在人工智能技术的引领下,机器人正在经历一场变革。
外刊原文
Large behaviour models
Robots can learn new actions faster thanks to AI techniques
They could soon show their moves in settings from car factories to care homes
INSIDE THE robotics laboratory of the Toyota Research Institute (TRI) in Cambridge, Massachusetts, a group of robots are busy cooking. There is nothing special about that; robotic chefs have been around for a while. But these robots are more proficient than most, flipping pancakes, slicing vegetables and making pizzas with ease. The difference is that instead of being laboriously programmed to carry out their tasks, the Cambridge robots have been taught only a basic set of skills. Using the wonders of artificial intelligence (AI), they quickly improved upon those skills to become far more dexterous.

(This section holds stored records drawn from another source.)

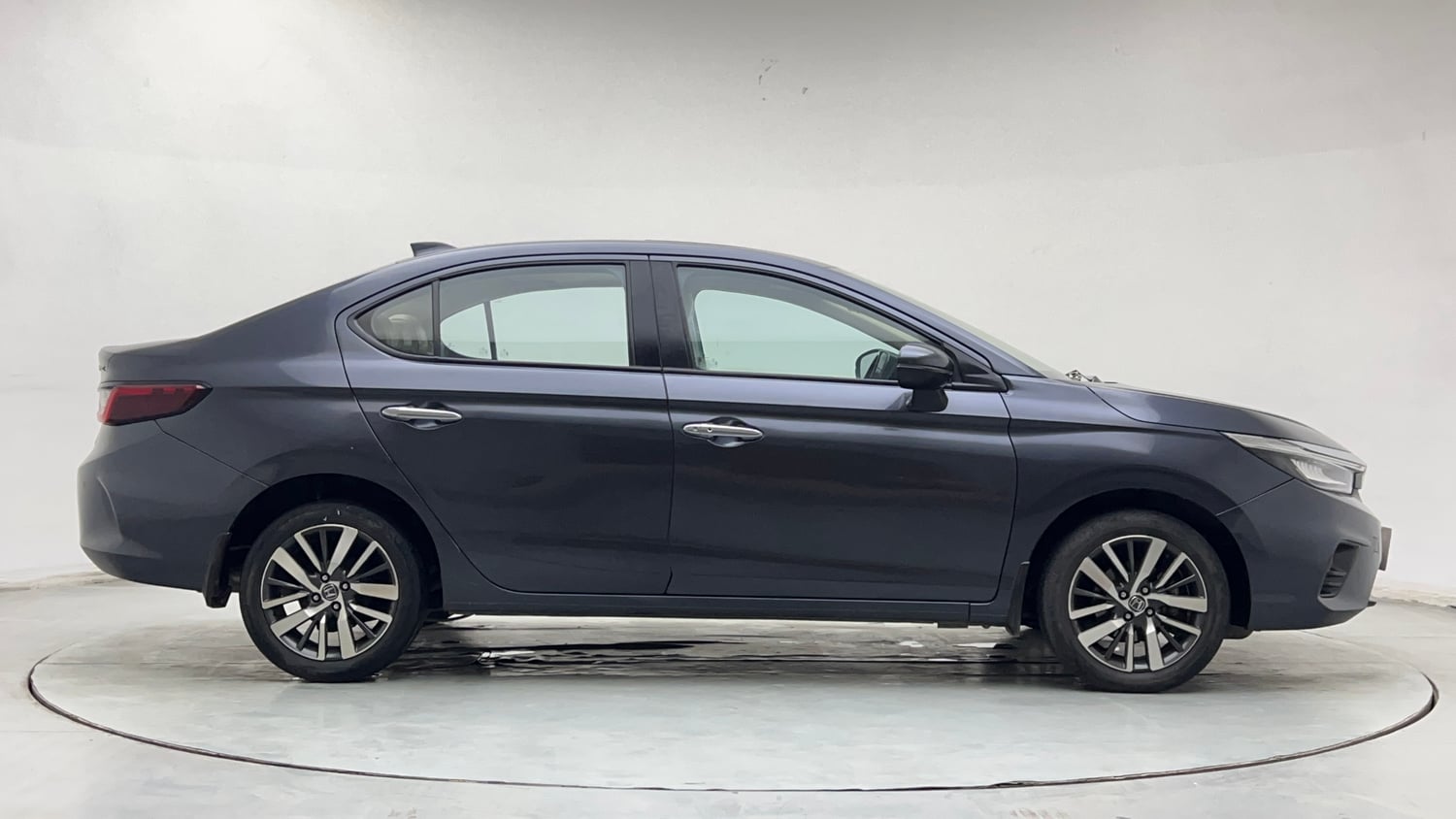 Used 2022 Honda City ZX CVT Petrol Petrol Automatic exterior RIGHT SIDE VIEW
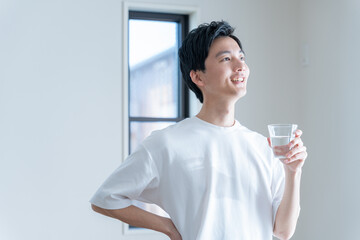 水分補給をする若い男性（健康・ヘルスケア・運動・水）.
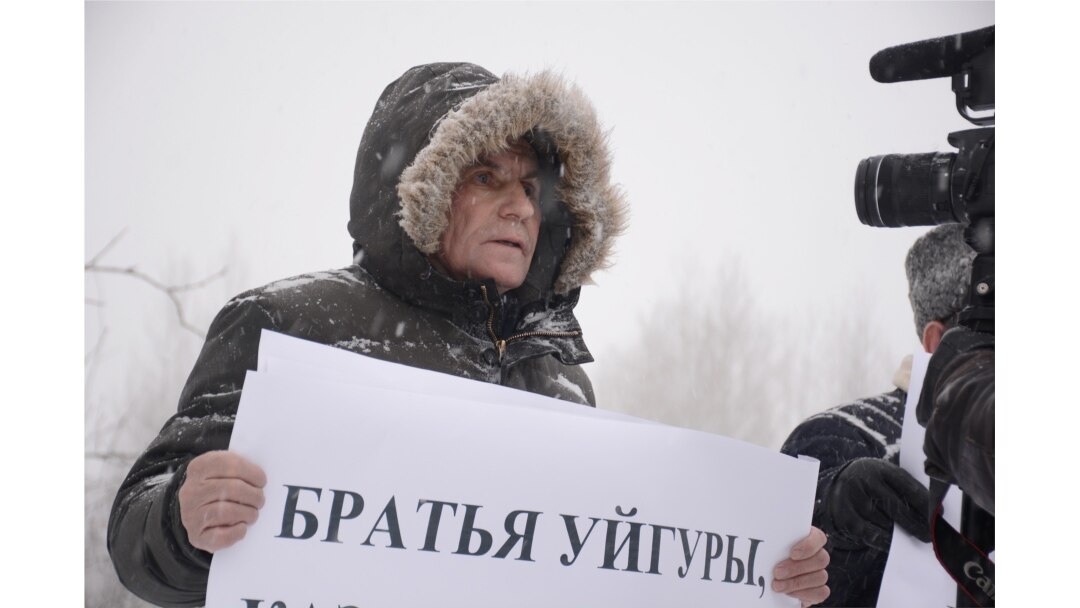 Фарит Закиев на пикете в защиту мусульман Китая
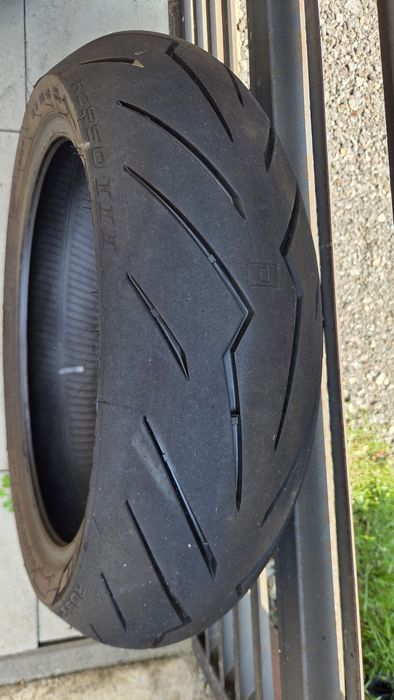 Cauciuc Pirelli Diablo rosso 3   180 55 17 dot 2025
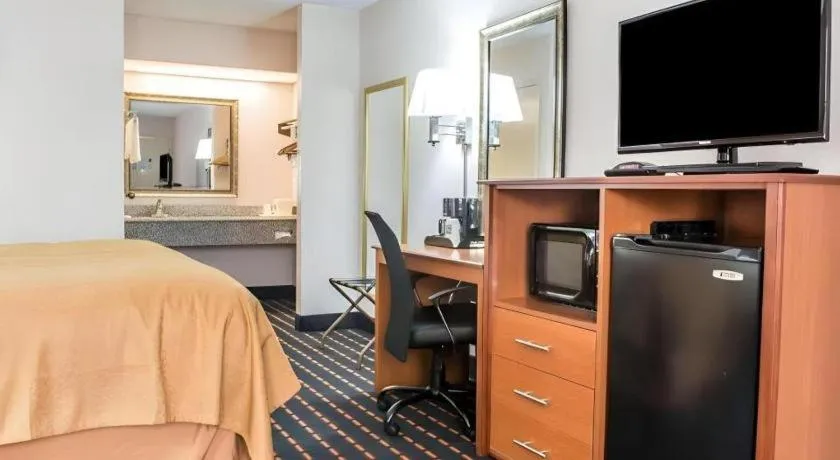 Bed in Quality Inn Marianna South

Despite their extraordinary culinary capabilities, these robots are not destined for a career in catering. “If you give a robot the confidence to work in a kitchen, it will also have the confidence to work in a factory or a person’s home,” says Gill Pratt, Toyota’s chief scientist. Cooking involves lots of complex tasks, such as picking up and placing items, pouring liquids and mixing ingredients. All this makes a kitchen an ideal training ground for experimenting with a new method of using generative AI to train robots known as “diffusion policy”.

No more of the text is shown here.